▶ **Data supplied**
******************************

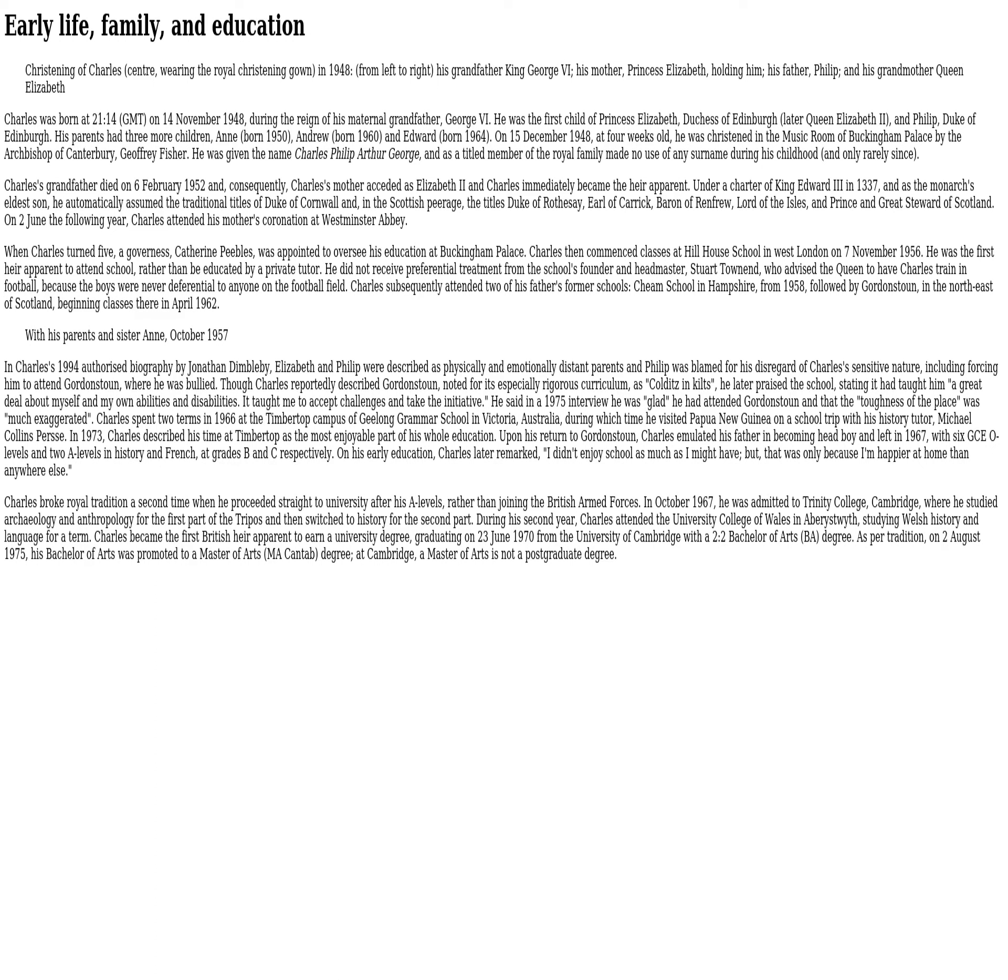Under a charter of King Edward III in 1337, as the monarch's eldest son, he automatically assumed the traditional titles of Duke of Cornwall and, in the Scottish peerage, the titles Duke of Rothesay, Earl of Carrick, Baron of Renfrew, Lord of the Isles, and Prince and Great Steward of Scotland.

******************************

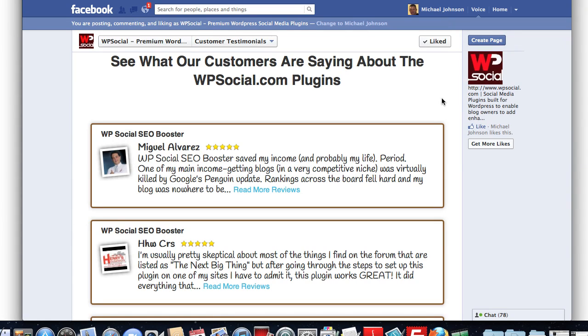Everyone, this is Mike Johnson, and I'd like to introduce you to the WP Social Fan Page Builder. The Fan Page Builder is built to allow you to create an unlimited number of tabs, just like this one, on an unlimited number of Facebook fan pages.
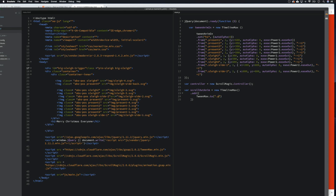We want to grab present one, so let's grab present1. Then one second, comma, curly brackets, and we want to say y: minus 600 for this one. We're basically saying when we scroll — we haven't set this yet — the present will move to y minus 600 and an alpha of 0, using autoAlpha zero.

******************************

▶ **What to produce**
Write down exactly what the lines above say, from the line holding "Everyone, this is" through the line holding "We want to grab", and nothing more. Do not copy the pictures.

▶ **Task response**
Everyone, this is Mike Johnson, and I'd like to introduce you to the WP Social Fan Page Builder. The Fan Page Builder is built to allow you to create an unlimited number of tabs, just like this one, on an unlimited number of Facebook fan pages.
We want to grab present one, so let's grab present1. Then one second, comma, curly brackets, and we want to say y: minus 600 for this one. We're basically saying when we scroll — we haven't set this yet — the present will move to y minus 600 and an alpha of 0, using autoAlpha zero.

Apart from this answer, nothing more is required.